Kyber Network’s next protocol upgrade, dubbed Katalyst, is expected to go live on July 7.
In an emailed announcement on Monday, Kyber said the upgrade will usher in changes around the role of its native token, the Kyber Network Crystal (KNC), aimed at attracting more participants to the protocol’s development.
The Katalyst upgrade and subsequent KyberDAO platform are planned to support three types of Kyber stakeholder groups: reserve entities providing liquidity to Kyber; decentralized applications (dapps), which connect takers to the Kyber protocol; and general KNC holders.
KyberDAO, a platform that will allow the different stakeholders to participate in governance through voting, will be hosted on Kyber.org – a mobile dapp that can be accessed on platforms with Web3 connectivity.
The protocol upgrade, Kyber said, is aiming to reduce friction in liquidity contributions as well as provide incentive rebates for liquidity providers. The upgrade will also allow for Dapps to be integrated with Kyber to feature a custom spread for flexible rates.
The Katalyst upgrade will also bring in a new mechanism enabling KNC holders to stake the token and be rewarded for voting participation in ether (ETH) collected in the form of network fees resulting from trading activity.
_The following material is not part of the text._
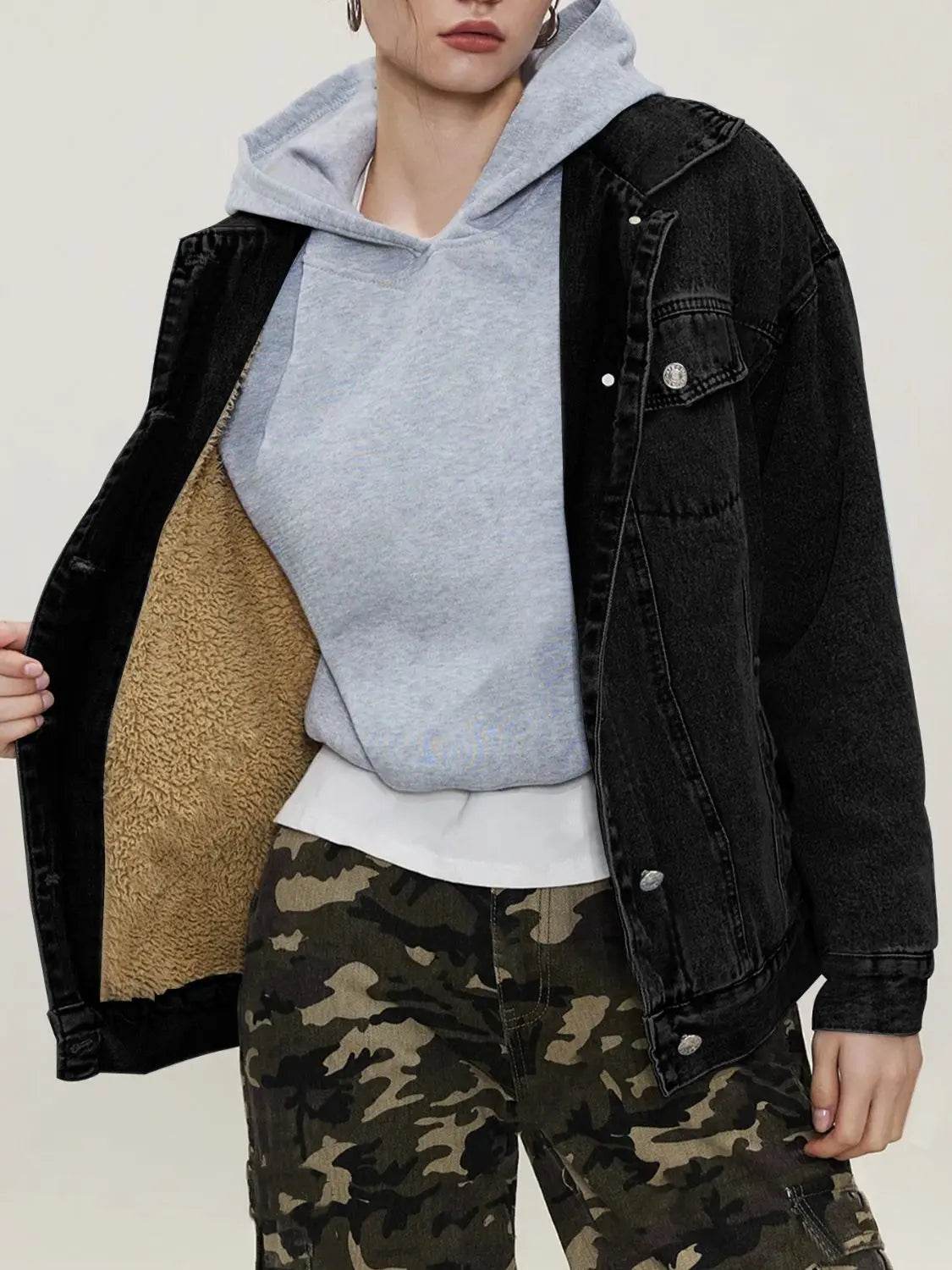 Button Up Collared Neck Long Sleeve Denim Jacket - Velveta Studio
Users of the network will gain access to the new Katalyst features a week after launch, on July 14, with the first KyberDAO proposal set up in “Epoch 1.” KyberDAO operations are divided into so-called epochs giving users a two week window to vote.
According to Kyber, there is no minimum or maximum amount of KNC that can be staked, no hard lockup period, no loss of tokens due to penalties and no running of nodes required. KNC holders who do not wish to participate in governance are still able to earn rewards by delegating their voting power to KyberDAO pool operators.
To fulfill this role, entities such as StakeCapital, StakeWith.Us, RockX, and Hyperblocks are expected to go live on KyberDAO soon after launch. Existing investors in Kyber Network, such as ParaFi Capital, #Hashed and Signum Capital will also be participating in governance.
So, too, will San Francisco-based blockchain investment firm ParaFi, which invested in the network in mid-June.